To recap, for those not wanting to read the piece: a couple of tutes decided to buy up stock as activist shareholders. These are Starboard Value and Barington Capital Group. Both are hedge funds. They determined that Darden Restaurants, and the management thereof, was being mismanaged. The CEO and board disagreed. Much mayhem has ensued.

As Adam Smith (the real one, and I suspect the fake one, too) is so famous for: each economic actor behaves with enlightened self interest, which gave rise to the term homo economicus. Of course, Smith was opposed, on the whole, to capitalists generally and concentration specifically. What is this self interest for a corporate board member? Well, evidently it is to be best buds with other CxOs. In the case of Darden, as of today, eleven of twelve directors are current or former CxO/director of some corporation. If you want to expand your scope of earnings as a director, it helps if you don't look behind the curtain of whatever boards you currently have. Be nice to your CEOs and fellow board members, and you'll find far more opportunities to be a board member. I think that's what's called a sinecure. One hand washes the other. Birds of a feather flock together.

This is not to say that hedgies have the best interest of Main Street or Ma and Pa Kettle foremost in mind, of course.

For the quant types, this all raises the core question: if macro effects are just the sum of all those micro effects, isn't the whole shebang the result of such (low grade) corruption, rather than some human-centric version of thermodynamics? It ain't what ya know, it's who ya know; ya know? Or, as one who's been there puts it:
Directors were not appointed to compensation committees on the basis of distinctive skills or interests.
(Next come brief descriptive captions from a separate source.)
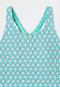 Swimsuit knitwear SPF40+ school sports rainbows blue-green - aqua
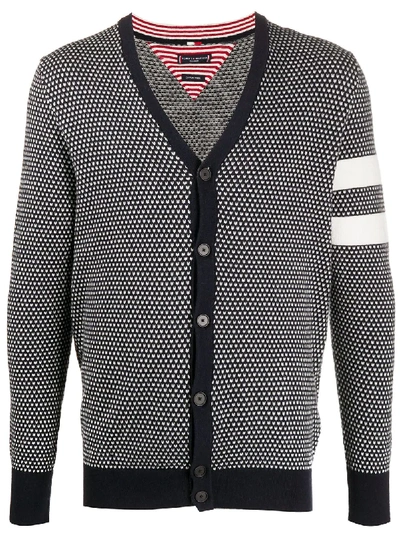 Tommy Hilfiger Knitted Cardigan In Blue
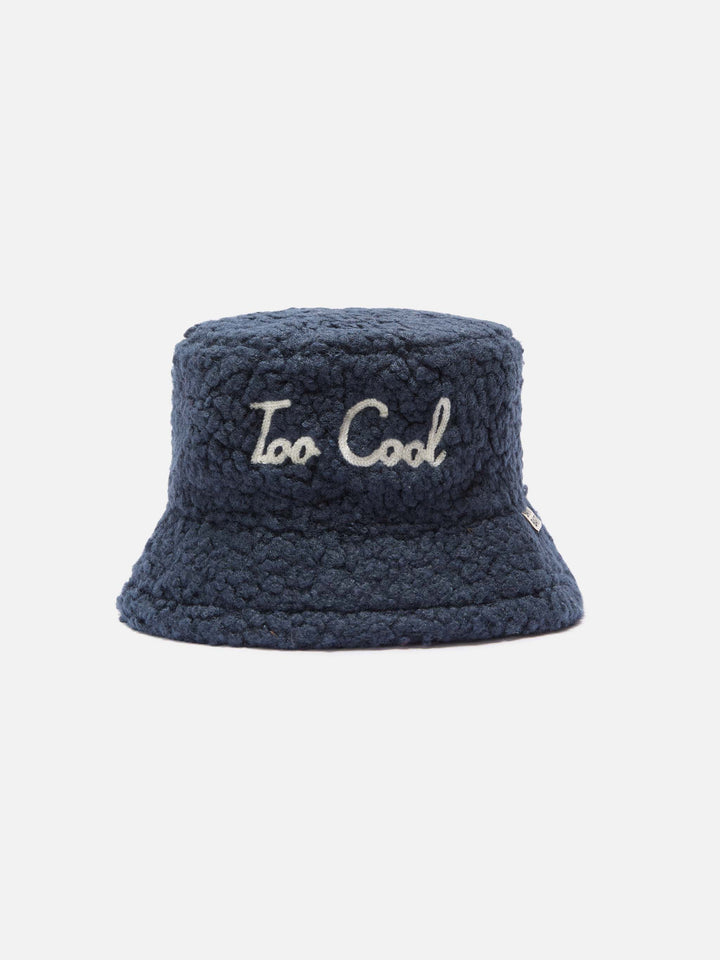 Cappello bucket in sherpa Jude con ricamo Too Cool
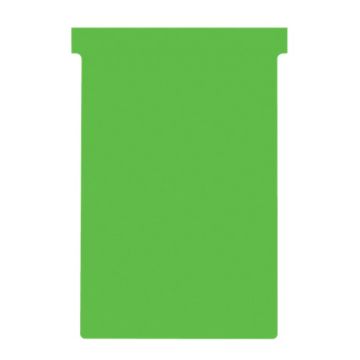 Photo Fiches T - Indice 4 / 124 mm - Vert : NOBO Lot de 100  réf. 2004005 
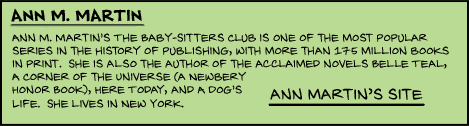 About Ann M. Martin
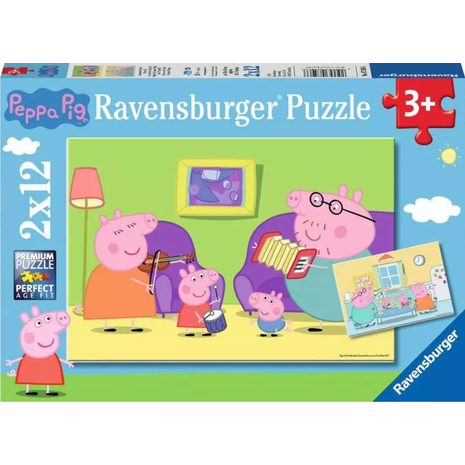 Παζλ 2X12 Ravensburger Peppa Pig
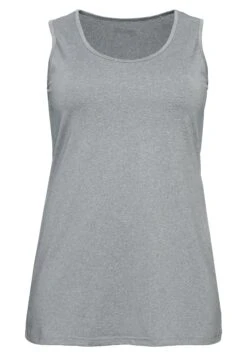 Sheego Top - Light Gray Mottled -Sheego Ventas 628541f1dee74455ae1226216eaf91b9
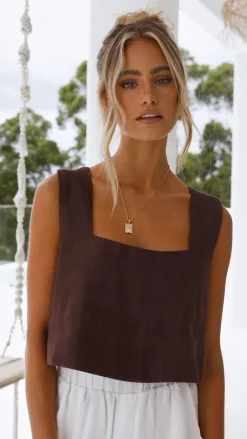 Tillie Crop Top - Chocolate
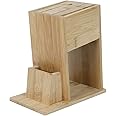 HOKIPO® Wooden Knife Holder for Kitchen - Universal Knives Holder Stand with 5 Slots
Rather, they tended to be directors who could be relied on by management to be both sympathetic to management's compensation requests, and non-confrontational.

To get on the compensation committee, of course, one need be on the board. Be nice to your CEOs, and they'll be nice to you when it's your moolah to be decided. Stingy comp committee members won't be around long, ya think? Ring around the Rosie.

So, to answer Solomon's question (that does have a nice ring to it, doesn't it?): what's one board when you've got a whole life of other boards to run, ahead of you? Hedgies, after all, are not viewed as white knights anywhere.